Use case: The coordinator forwards authorized, validated queries to the edge server for execution against the data source.
service EdgeService {
rpc Query(QueryRequest) returns (QueryResponse);
}
message QueryRequest {
string sql = 1;
string connection_id = 2;
map<string, string> parameters = 3;
int32 timeout_seconds = 4;
}
message QueryResponse {
bytes arrow_record_batch = 1; // Serialized Apache Arrow RecordBatch
QueryMetadata metadata = 2;
}
message QueryMetadata {
int64 row_count = 1;
int64 execution_time_ms = 2;
string query_id = 3;
bool from_cache = 4;
repeated string columns = 5;
}
HTTP equivalent:
curl -X POST https://edge.internal:8000/v1/query \
-H "Authorization: Bearer $EDGE_TOKEN" \
-H "Content-Type: application/json" \
-d '{
"sql": "SELECT name, email, region FROM customers WHERE region = $1 LIMIT 100",
"connection_id": "conn_abc123",
"parameters": {"$1": "us-west"},
"timeout_seconds": 30
}'
Example response (HTTP/JSON):
{
"data": [
{"name": "Alice", "email": "[email protected]", "region": "us-west"},
{"name": "Carol", "email": "[email protected]", "region": "us-west"}
],
"metadata": {
"row_count": 2,
"execution_time_ms": 45,
"query_id": "qry_edge_001",
"from_cache": false,
"columns": ["name", "email", "region"]
}
}
Query Parameterization
All queries executed on the edge server use parameterized statements to prevent SQL injection. User-supplied values are passed separately from the SQL text.
{
"sql": "SELECT * FROM orders WHERE customer_id = $1 AND status = $2",
"parameters": {
"$1": "cust_123",
"$2": "completed"
}
}
The edge server rejects queries that contain unparameterized user input embedded directly in the SQL string. Always use the parameters field.
Query Timeout
If a query exceeds the specified timeout_seconds, the edge server cancels the query on the data source and returns a timeout error.
{
"error": {
"code": "QUERY_TIMEOUT",
"message": "Query exceeded the 30 second timeout.",
"query_id": "qry_edge_001"
}
}
Ping
A simple health check RPC that confirms the edge server is running and responsive.
service EdgeService {
rpc Ping(PingRequest) returns (PingResponse);
}
message PingRequest {}
message PingResponse {
string status = 1; // "SERVING"
string version = 2; // "1.12.0"
string uptime = 3; // "3d 14h 22m"
}
HTTP equivalent:
curl https://edge.internal:8000/health
Response:
{
"status": "SERVING",
"version": "1.12.0",
"uptime": "3d 14h 22m"
}
Security Model
The edge server does not perform authentication or authorization directly. These responsibilities belong to the coordinator.

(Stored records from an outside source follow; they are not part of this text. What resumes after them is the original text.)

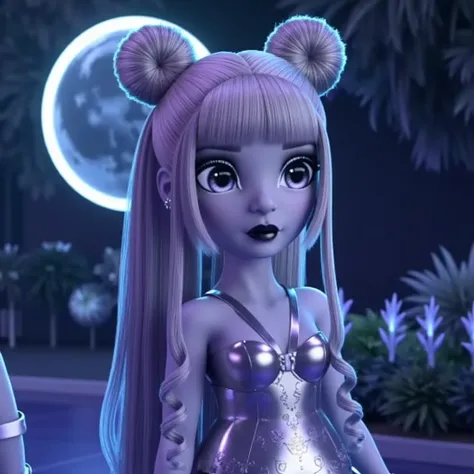 RIP Weights Series - Luna Madison (Finding Nemo)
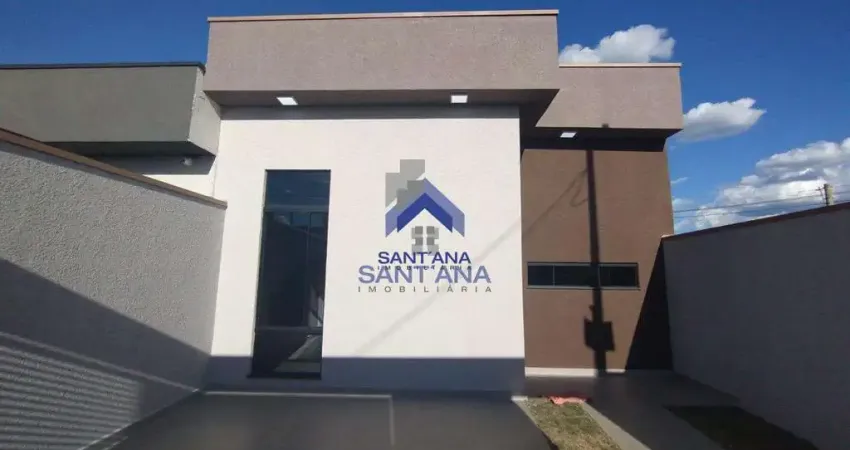 Casa de 84,35m² com 3 dormitórios sendo 1 suíte no portal do vale em taubaté/sp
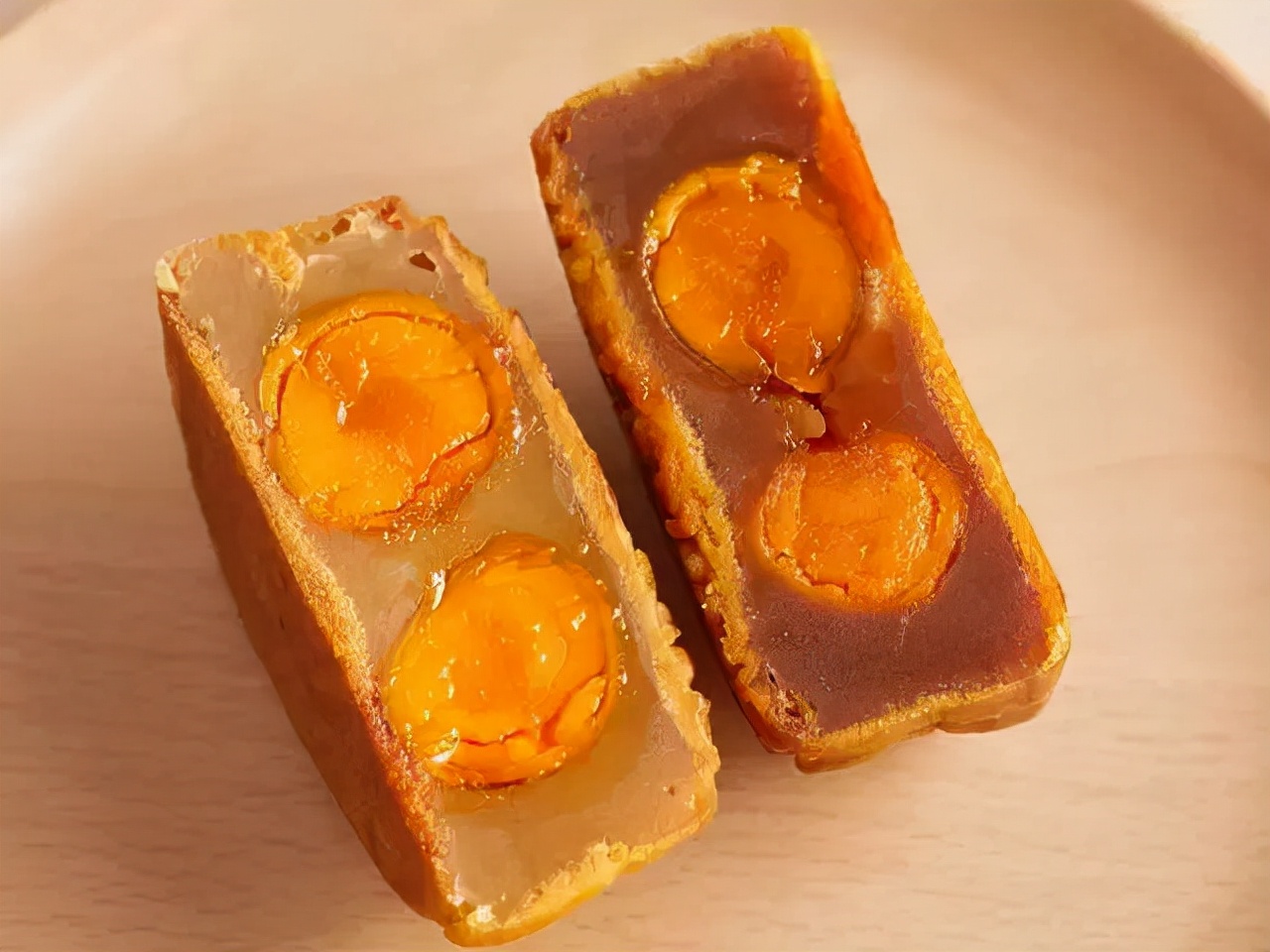 天津人排队买的月饼 (天津人买月饼)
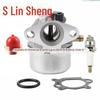 Conjunto de Carburador de Fornecimento Linsheng Adequado para Belliton 498170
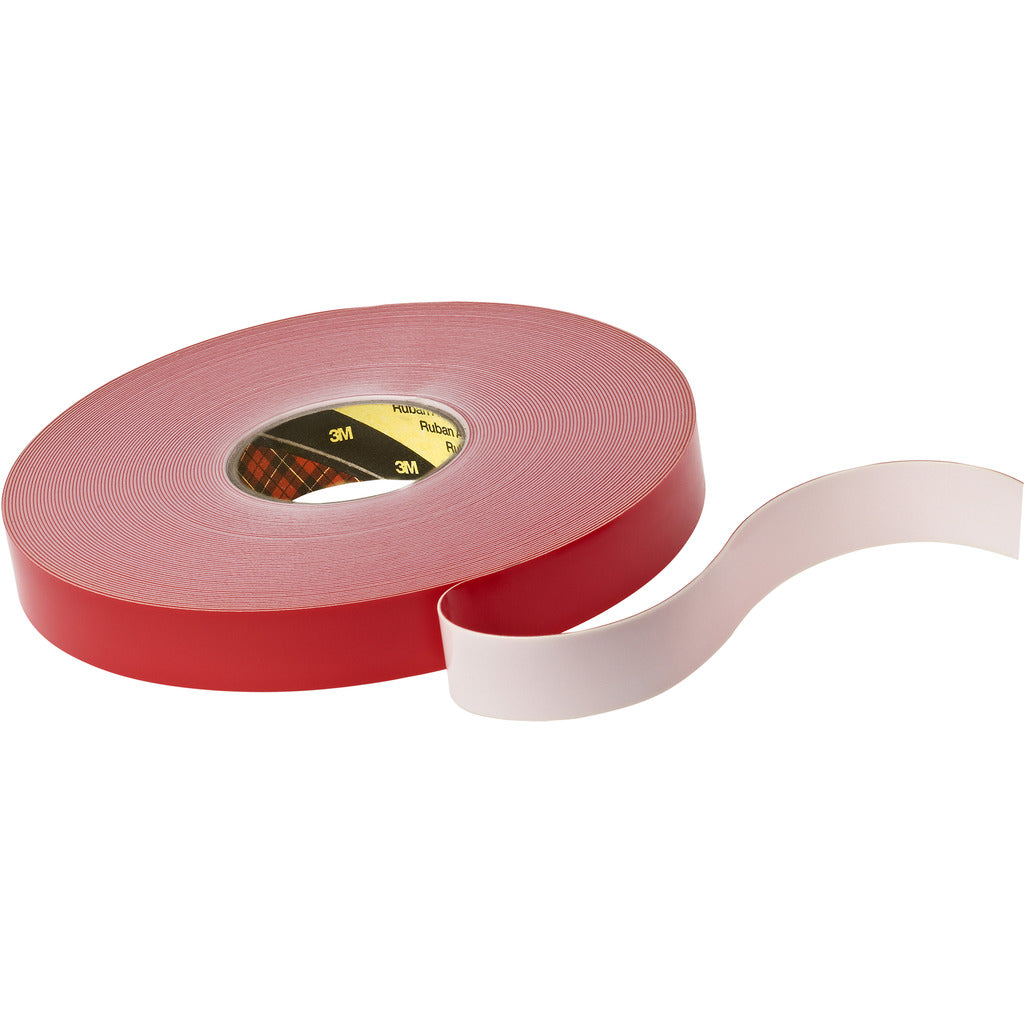 VHB Double-Sided Adhesive Tape 4912F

The edge server trusts requests from the coordinator because the mTLS channel ensures that only the legitimate coordinator can communicate with it.
Best Practices
- Deploy edge servers close to your data sources. Network latency between the edge server and the database directly impacts query performance.
- Use private networking. Place edge servers and data sources in the same VPC or subnet to avoid public internet traversal.
- Monitor edge health. Use the
PingRPC or/healthendpoint in your orchestrator's liveness and readiness probes. - Set appropriate query timeouts. Prevent long-running queries from consuming edge server resources indefinitely.